Marcelina przynosi najnowsze wiadomości na swój temat: wybiera się na wycieczkę do Egiptu w towarzystwie pary sympatycznych gejów. Żanetę odwiedza Robert, by w tajemnicy zawiadomić ją, że wyjeżdża na parę dni z nową przyjaciółką, Chinką. Wprawdzie Żaneta dobrze wie, że mężczyźni są podli, ale wobec postępowania syna, jak mówi, "przymyka oczy". Nieoczekiwanie wszyscy obecni w mieszkaniu dowiadują się z telewizji, że Jakubowi Stellmanowi przyznano pośmiertnie nagrodę literacką za powieść "Burnus". Ten komunikat usłyszała też Mirella i natychmiast zjawia się u Róży, by ustalić udział córek w dziedziczeniu praw autorskich. Ale tym razem Róża pewnym siebie głosem informuje, że jej mąż pisał od dawna, a o książce "Burnus" dobrze wiedziała. Nie podzieli się z nikim. "Twój kochanek zdradzał cię ze swoją żoną" - powie z satysfakcją do Mirelli.

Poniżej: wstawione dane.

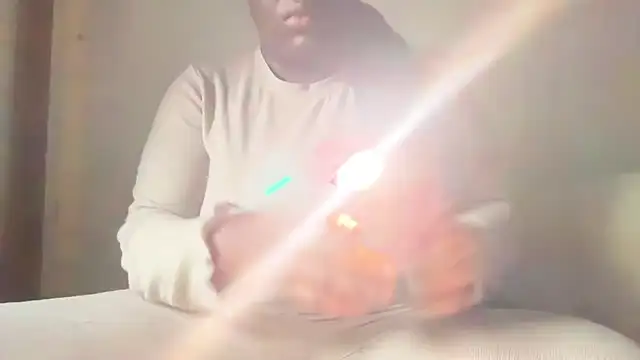 Snapshot of nanaisbackk chatting on 10/10/25, 06:23 nanaisbackk online show from 10/10/25, 06:23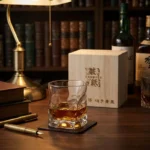 Verre dégustation whisky motif martelé style japonais dans sa boîte cadeau en bois.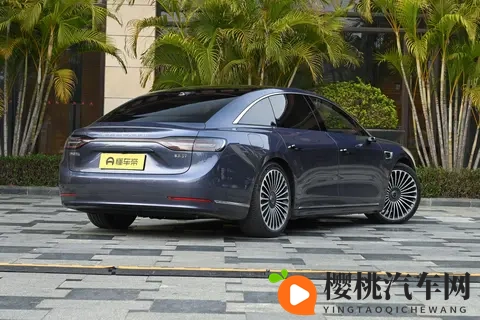 新款享界S9上市，新能源中大型轿车新选择-3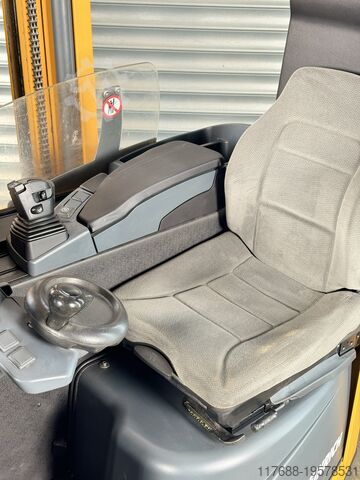 Reach trucks Jungheinrich ETV 216 - Service Neu - Batterie 80% - Nur 5.474 Std. -7,1m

Przyjaciółki zostają same. Mają to, co potrzebne im do szczęścia: serial w telewizji, wspólny bankiet, na którym zjedzą zupy w proszku, alkohole i stałe, niezawodne tematy swoich rozmów. Zupy są świetne, nastrój coraz lepszy, a lista spraw do obgadania zdaje się nie mieć końca - lekarstwa, cholesterol, odchudzanie, kremy do twarzy, faceci, etc., etc. Jest i całkiem nowa wiadomość: Maria została wdową. Dołączy do ich klanu.
Gwar rozmowy przerywa dzwonek do drzwi. Wchodzi siedmioletni chłopiec, w ręku trzyma rękawiczki. Do Róży Stellman przysłała go mama, by zapytał, czy te właśnie rękawiczki nie należą do Róży. Chłopiec mieszka w domu obok. Jak się nazywa? Jakub Stellman. Róża przytula chłopca.